### DATA TO USE
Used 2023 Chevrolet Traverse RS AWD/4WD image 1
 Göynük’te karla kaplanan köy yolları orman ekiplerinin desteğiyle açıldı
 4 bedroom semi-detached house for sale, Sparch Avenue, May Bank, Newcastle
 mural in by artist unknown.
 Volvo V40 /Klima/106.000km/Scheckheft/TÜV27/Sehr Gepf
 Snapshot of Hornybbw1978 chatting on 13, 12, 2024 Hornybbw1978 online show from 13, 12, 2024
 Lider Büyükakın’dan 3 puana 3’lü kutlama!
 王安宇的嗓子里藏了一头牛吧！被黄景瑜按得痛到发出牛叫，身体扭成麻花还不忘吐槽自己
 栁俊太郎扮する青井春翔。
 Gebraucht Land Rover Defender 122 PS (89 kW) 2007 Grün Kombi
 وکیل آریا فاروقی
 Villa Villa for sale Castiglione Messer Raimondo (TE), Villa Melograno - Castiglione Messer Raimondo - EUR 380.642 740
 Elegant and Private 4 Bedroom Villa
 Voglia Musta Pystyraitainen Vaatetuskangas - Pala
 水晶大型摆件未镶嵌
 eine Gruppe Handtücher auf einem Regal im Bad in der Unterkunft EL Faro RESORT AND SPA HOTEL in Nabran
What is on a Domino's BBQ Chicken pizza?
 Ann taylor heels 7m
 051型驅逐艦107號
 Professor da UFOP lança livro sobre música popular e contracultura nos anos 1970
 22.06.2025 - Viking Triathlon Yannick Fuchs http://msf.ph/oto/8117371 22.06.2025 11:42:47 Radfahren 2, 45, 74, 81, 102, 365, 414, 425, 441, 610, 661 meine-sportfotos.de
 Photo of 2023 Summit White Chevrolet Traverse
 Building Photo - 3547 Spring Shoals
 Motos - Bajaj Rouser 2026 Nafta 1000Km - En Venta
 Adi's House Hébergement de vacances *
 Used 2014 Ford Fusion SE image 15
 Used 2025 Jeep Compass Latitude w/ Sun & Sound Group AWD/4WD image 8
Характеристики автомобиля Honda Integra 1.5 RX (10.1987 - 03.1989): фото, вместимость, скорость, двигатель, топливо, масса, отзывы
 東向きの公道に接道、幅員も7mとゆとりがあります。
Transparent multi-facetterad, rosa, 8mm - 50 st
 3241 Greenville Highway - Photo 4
######
WORK INSTRUCTION: Set out exactly the lines from the one bearing "051型驅逐艦107號" through the end of the data, including both ends and omitting all others.

RESPONSE AREA:
 051型驅逐艦107號
 Professor da UFOP lança livro sobre música popular e contracultura nos anos 1970
 22.06.2025 - Viking Triathlon Yannick Fuchs http://msf.ph/oto/8117371 22.06.2025 11:42:47 Radfahren 2, 45, 74, 81, 102, 365, 414, 425, 441, 610, 661 meine-sportfotos.de
 Photo of 2023 Summit White Chevrolet Traverse
 Building Photo - 3547 Spring Shoals
 Motos - Bajaj Rouser 2026 Nafta 1000Km - En Venta
 Adi's House Hébergement de vacances *
 Used 2014 Ford Fusion SE image 15
 Used 2025 Jeep Compass Latitude w/ Sun & Sound Group AWD/4WD image 8
Характеристики автомобиля Honda Integra 1.5 RX (10.1987 - 03.1989): фото, вместимость, скорость, двигатель, топливо, масса, отзывы
 東向きの公道に接道、幅員も7mとゆとりがあります。
Transparent multi-facetterad, rosa, 8mm - 50 st
 3241 Greenville Highway - Photo 4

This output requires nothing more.